Even though RStudio is very popular, it is not the only IDE for R. RKWard is an alternative IDE, aimed at easier learning of R for people coming from other statistical software, such as SPSS. It includes menus for common statistical analysis algorithms, such as getting descriptive statistics, running statistical tests, and making plots. It also includes an editor for data tables. RKWard is an open-source native desktop app that is developed on Linux, but has also been ported to other platforms, including Windows.

Furthermore, there are cross-language GUIs/IDEs, such as Jupyter, whose name is a portmanteau of Julia, Python and R. Jupyter can run different language interpreters, what it calls kernels, for each script that is open, therefore scripts in multiple languages can be edited at the same time in the same interface.

One thing to keep in mind is that there is a distinction between a programming language, such as R, and its IDEs, such as RStudio.
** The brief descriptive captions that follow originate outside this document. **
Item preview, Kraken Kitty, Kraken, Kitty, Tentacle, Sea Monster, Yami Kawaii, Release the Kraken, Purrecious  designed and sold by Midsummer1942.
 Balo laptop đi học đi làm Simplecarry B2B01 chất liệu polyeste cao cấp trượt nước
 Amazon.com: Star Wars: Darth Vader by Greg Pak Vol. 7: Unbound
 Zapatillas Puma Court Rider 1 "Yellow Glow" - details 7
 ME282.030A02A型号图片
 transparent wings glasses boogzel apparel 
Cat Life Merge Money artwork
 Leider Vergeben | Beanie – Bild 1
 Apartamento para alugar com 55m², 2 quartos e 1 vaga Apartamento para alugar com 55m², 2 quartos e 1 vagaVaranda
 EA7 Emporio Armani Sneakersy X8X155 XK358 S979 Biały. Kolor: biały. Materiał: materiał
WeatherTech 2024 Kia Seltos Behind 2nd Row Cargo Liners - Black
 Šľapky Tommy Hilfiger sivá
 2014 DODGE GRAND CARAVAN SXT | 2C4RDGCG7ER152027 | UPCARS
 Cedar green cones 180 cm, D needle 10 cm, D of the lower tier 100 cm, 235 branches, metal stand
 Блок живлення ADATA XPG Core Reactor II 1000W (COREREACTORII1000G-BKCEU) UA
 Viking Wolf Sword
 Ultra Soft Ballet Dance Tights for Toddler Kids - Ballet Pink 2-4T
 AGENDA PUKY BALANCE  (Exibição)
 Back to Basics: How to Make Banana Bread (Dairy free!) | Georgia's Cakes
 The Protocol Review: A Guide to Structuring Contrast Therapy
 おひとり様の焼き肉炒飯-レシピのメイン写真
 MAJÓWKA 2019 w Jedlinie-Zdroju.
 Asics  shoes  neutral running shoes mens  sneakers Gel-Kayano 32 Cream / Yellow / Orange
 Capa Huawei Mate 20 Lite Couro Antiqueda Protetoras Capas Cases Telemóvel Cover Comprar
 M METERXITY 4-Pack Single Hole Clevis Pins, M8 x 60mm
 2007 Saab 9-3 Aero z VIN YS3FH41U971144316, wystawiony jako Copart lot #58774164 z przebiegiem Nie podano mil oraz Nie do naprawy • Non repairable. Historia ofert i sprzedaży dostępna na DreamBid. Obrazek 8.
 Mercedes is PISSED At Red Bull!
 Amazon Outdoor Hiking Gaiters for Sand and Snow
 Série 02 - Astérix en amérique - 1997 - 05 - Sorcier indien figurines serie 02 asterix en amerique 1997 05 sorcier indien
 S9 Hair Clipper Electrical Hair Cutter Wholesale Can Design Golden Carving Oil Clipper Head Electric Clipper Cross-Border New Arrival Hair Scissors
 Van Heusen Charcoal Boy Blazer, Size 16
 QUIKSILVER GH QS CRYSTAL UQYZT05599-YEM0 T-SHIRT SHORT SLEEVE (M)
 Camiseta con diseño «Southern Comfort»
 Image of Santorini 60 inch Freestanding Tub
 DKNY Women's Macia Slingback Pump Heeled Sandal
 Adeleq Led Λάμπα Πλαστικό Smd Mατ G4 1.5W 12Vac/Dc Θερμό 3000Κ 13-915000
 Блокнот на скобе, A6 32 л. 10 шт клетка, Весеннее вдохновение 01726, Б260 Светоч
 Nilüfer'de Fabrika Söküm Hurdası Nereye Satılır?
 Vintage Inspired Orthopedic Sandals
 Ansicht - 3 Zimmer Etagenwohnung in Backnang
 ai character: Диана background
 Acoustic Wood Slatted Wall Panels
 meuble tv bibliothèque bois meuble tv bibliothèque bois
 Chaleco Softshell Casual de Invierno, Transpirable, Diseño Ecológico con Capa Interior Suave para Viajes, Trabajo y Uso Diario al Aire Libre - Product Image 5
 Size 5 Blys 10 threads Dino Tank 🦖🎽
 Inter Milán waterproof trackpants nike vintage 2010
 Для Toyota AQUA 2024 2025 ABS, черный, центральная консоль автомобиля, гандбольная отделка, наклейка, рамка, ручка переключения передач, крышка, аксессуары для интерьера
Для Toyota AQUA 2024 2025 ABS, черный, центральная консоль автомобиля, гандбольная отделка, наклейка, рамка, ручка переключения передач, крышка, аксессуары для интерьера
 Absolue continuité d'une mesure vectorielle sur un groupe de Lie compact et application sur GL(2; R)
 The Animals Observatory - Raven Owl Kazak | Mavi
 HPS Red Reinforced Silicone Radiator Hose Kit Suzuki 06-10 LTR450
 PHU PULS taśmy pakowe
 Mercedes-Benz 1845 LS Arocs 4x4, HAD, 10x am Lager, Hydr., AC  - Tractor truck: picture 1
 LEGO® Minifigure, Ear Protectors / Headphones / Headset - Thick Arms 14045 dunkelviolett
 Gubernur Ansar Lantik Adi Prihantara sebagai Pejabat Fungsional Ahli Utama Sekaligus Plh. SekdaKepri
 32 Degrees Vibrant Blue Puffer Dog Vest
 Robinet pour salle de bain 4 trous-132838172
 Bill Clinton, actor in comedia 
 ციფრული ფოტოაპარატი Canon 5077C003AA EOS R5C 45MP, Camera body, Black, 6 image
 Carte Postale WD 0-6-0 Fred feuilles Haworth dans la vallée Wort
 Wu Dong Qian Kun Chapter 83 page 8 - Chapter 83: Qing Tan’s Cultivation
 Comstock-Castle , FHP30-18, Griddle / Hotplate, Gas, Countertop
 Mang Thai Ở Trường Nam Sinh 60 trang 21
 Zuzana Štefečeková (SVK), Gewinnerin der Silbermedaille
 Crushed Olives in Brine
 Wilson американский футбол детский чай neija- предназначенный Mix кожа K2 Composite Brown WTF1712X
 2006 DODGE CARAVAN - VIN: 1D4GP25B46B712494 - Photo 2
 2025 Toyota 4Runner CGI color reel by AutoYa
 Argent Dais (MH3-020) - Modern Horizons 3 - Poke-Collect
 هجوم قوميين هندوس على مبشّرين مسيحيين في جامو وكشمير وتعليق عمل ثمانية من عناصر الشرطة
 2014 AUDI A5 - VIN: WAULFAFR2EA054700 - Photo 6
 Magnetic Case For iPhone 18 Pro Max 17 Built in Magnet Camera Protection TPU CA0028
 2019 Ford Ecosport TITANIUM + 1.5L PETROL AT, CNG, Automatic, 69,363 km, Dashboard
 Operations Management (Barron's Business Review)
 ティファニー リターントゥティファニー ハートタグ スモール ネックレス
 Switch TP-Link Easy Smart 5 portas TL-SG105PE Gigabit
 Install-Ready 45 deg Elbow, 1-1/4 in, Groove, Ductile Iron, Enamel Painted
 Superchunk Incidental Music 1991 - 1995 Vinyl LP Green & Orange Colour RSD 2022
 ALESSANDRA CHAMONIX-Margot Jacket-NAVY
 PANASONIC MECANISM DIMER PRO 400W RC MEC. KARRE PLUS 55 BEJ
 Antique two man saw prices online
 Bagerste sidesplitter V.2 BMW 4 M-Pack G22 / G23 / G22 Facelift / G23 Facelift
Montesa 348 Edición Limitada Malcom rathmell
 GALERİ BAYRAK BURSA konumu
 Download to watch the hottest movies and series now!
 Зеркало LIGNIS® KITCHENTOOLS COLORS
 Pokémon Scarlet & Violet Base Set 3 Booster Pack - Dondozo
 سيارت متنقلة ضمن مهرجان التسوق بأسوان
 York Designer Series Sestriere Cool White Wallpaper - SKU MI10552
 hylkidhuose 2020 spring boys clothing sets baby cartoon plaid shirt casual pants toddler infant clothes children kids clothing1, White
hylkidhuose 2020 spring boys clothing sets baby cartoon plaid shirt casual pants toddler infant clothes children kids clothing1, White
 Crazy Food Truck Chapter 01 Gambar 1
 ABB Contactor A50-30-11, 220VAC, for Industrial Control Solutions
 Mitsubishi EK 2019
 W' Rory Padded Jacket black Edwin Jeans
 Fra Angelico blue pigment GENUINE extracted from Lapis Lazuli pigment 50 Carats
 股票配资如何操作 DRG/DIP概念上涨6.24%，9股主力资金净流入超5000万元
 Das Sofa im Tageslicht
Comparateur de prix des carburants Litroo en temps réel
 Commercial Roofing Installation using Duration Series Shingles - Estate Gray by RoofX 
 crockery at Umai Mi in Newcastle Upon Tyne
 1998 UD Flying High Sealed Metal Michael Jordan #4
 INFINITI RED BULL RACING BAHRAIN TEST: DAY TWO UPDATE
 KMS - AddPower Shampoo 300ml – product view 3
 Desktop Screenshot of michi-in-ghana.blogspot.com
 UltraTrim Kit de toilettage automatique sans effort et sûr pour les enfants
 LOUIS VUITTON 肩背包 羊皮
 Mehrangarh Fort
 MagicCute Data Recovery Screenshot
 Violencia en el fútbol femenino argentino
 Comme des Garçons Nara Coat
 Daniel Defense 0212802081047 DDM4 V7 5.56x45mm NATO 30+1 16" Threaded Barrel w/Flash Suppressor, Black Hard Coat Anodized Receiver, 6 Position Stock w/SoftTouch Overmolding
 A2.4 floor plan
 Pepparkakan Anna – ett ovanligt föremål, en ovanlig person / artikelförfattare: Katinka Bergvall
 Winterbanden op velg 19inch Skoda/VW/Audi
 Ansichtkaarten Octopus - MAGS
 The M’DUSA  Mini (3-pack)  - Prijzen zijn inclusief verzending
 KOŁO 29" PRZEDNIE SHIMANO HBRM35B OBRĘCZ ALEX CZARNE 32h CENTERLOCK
Which IDE you use is up to your own personal preference. Which IDE you used to develop code does not matter, because in the end you just have an R script that can be run on any of the IDEs, or directly from the command line. What does matter is that the script is written in the R language, as the users will need to have the R interpreter installed in order to run the script. Likewise, the packages that you use in your script are also important, as the users will need to install them before they can run your script. Therefore, whenever you refer to scripts and packages, for instance when writing a thesis, you need to specify what language the scripts are written in, and what packages (and ideally what versions) you used. You should not mention which IDE you used, as that is irrelevant to the readers. For example, you should not write "the scripts are written in RStudio", but rather, you should write "the scripts are written in R, using package lattice version 0.22". In fact, you should also cite the authors of the language and the packages you used. R includes a handy function citation() to help you cite:

citation()
## To cite R in publications use:
## 
##   R Core Team (2025). _R: A Language and Environment for Statistical
##   Computing_. R Foundation for Statistical Computing, Vienna, Austria.
##   <https://www.R-project.org/>.
## 
## A BibTeX entry for LaTeX users is
## 
##   @Manual{,
##     title = {R: A Language and Environment for Statistical Computing},
##     author = {{R Core Team}},
##     organization = {R Foundation for Statistical Computing},
##     address = {Vienna, Austria},
##     year = {2025},
##     url = {https://www.R-project.org/},
##   }
## 
## We have invested a lot of time and effort in creating R, please cite it
## when using it for data analysis. See also 'citation("pkgname")' for
## citing R packages.

It also works on packages:

citation("lattice")
## To cite package 'lattice' in publications use:
## 
##   Sarkar D (2008). _Lattice: Multivariate Data Visualization with R_.
##   Springer, New York. ISBN 978-0-387-75968-5,
##   <http://lmdvr.r-forge.r-project.org>.
## 
## A BibTeX entry for LaTeX users is
## 
##   @Book{,
##     title = {Lattice: Multivariate Data Visualization with R},
##     author = {Deepayan Sarkar},
##     year = {2008},
##     publisher = {Springer},
##     address = {New York},
##     isbn = {978-0-387-75968-5},
##     url = {http://lmdvr.r-forge.r-project.org},
##   }

There are more IDEs, such as R Commander, but we will not be talking about them within the scope of this course. Nevertheless, feel free to use whichever IDE is your favourite!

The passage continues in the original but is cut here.